▸ Activity: From the line with "Aldo Chicglimmer Silver" through the last line of the records below, both ends included, transcribe only those lines, exactly, and omit the pictures.

Records excerpted from a collection:

*** Begin section ***

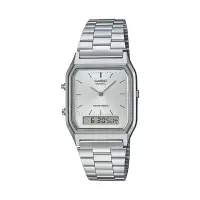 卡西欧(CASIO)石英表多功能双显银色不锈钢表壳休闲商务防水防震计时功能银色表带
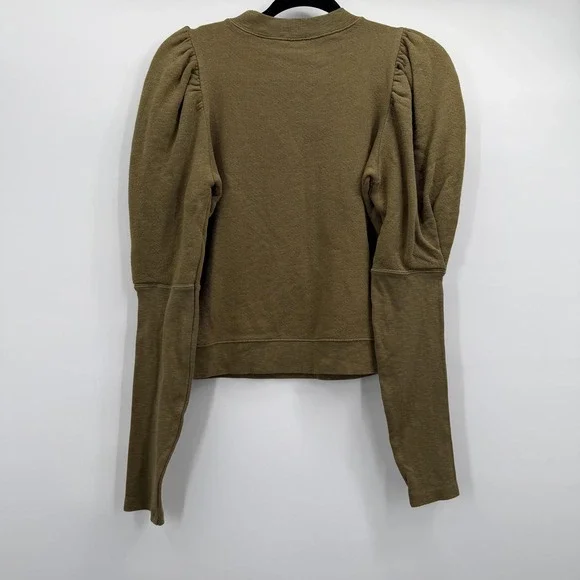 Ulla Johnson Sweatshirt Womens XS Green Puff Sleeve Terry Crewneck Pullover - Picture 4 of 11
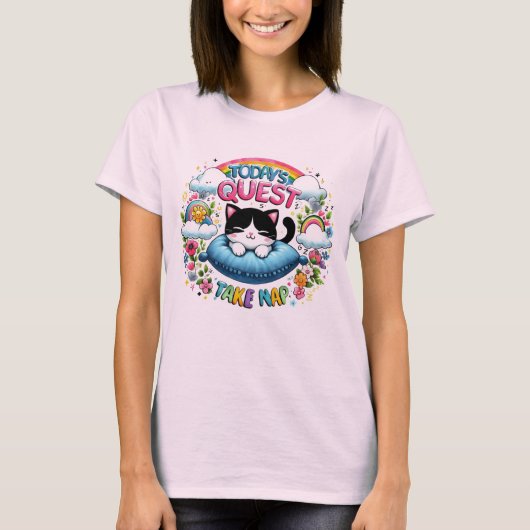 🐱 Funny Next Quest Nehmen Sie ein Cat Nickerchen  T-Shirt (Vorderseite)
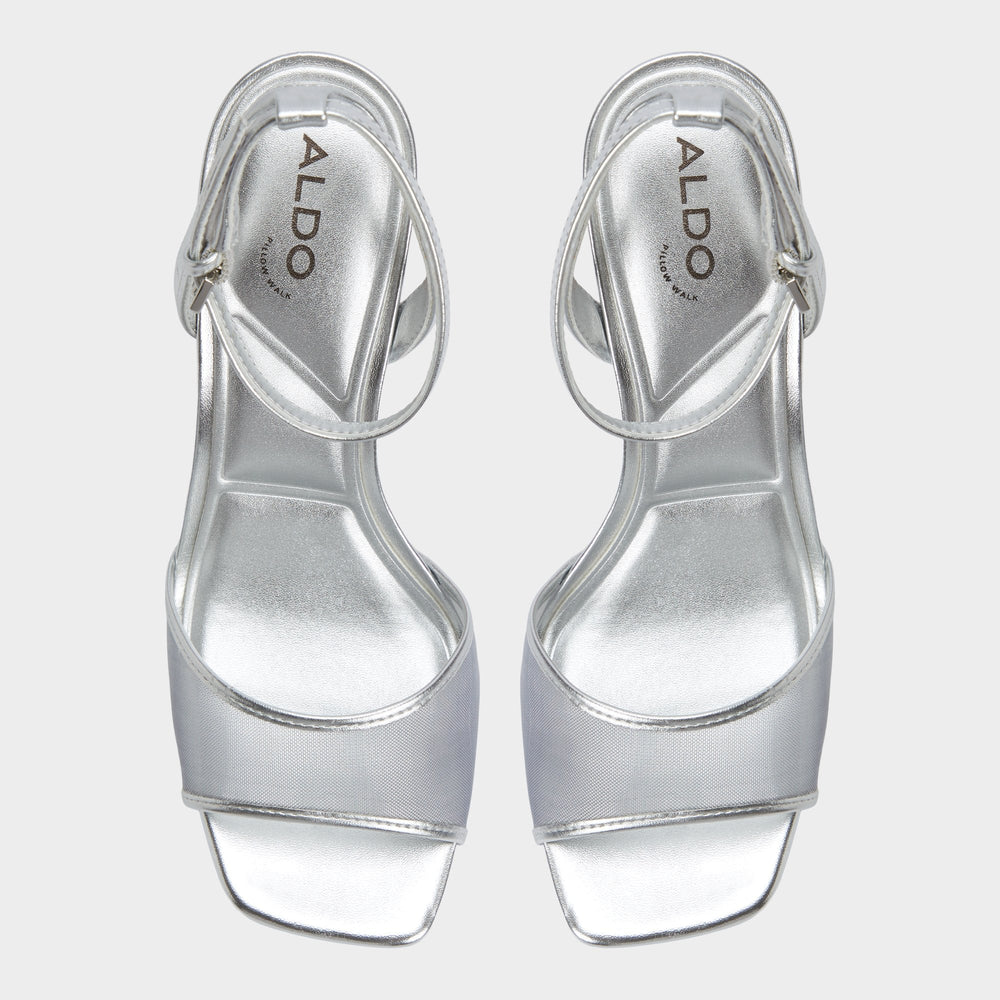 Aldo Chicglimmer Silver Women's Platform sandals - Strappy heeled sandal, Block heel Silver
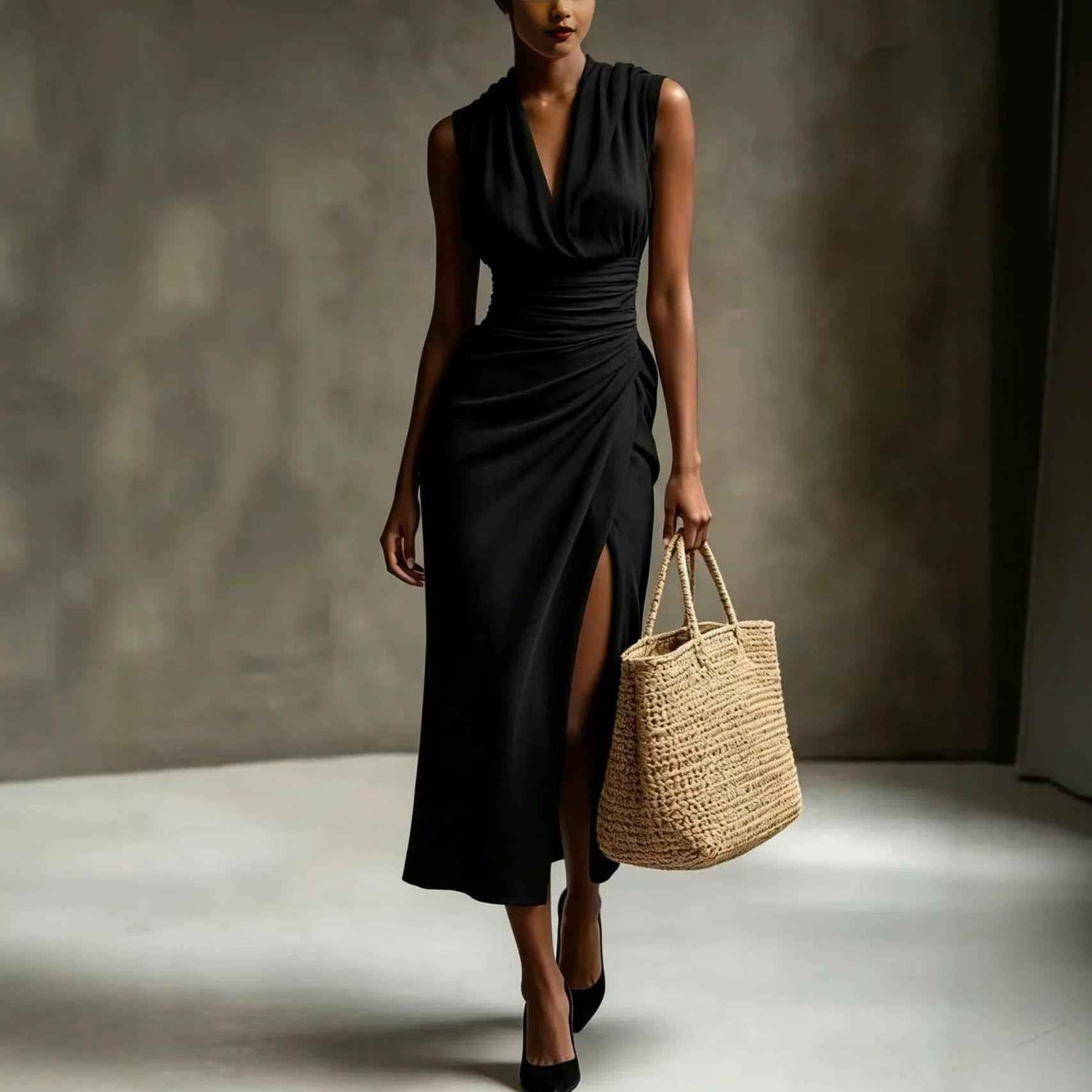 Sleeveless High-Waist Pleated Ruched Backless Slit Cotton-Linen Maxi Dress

*** End section ***

▸ Reply to the task:
 Aldo Chicglimmer Silver Women's Platform sandals - Strappy heeled sandal, Block heel Silver
 Sleeveless High-Waist Pleated Ruched Backless Slit Cotton-Linen Maxi Dress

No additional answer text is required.